══ Provided records

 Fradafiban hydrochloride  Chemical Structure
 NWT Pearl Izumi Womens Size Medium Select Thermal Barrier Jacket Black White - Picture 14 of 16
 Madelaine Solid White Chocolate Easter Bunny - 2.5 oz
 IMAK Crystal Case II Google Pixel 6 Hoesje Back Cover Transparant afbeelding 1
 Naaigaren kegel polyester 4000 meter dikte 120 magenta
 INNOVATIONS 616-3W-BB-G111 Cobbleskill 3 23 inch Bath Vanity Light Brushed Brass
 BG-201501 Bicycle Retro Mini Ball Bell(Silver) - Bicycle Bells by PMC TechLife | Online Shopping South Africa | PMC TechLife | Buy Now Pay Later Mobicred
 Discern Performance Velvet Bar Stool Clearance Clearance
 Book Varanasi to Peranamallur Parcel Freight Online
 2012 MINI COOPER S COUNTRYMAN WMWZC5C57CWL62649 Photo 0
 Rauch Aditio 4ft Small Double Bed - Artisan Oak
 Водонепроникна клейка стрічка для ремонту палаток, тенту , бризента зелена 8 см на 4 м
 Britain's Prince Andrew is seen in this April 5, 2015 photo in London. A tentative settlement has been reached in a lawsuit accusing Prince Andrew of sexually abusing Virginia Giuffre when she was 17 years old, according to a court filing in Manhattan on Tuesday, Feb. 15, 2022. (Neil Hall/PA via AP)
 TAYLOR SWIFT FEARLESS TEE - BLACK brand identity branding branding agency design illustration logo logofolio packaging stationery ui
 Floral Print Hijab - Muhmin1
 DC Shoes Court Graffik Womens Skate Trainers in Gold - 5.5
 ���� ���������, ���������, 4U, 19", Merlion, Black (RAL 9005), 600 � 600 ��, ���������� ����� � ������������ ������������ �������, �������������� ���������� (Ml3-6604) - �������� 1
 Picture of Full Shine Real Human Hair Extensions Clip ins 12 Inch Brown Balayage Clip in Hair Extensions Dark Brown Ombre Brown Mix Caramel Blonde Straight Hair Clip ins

════

** What to produce **
Look in the material above for the line with "Floral Print Hijab - Muhmin1" and the line with "(Ml3-6604) - �������� 1", and transcribe exactly those lines and all lines between them, nothing more.

** Solution to this task **
 Floral Print Hijab - Muhmin1
 DC Shoes Court Graffik Womens Skate Trainers in Gold - 5.5
 ���� ���������, ���������, 4U, 19", Merlion, Black (RAL 9005), 600 � 600 ��, ���������� ����� � ������������ ������������ �������, �������������� ���������� (Ml3-6604) - �������� 1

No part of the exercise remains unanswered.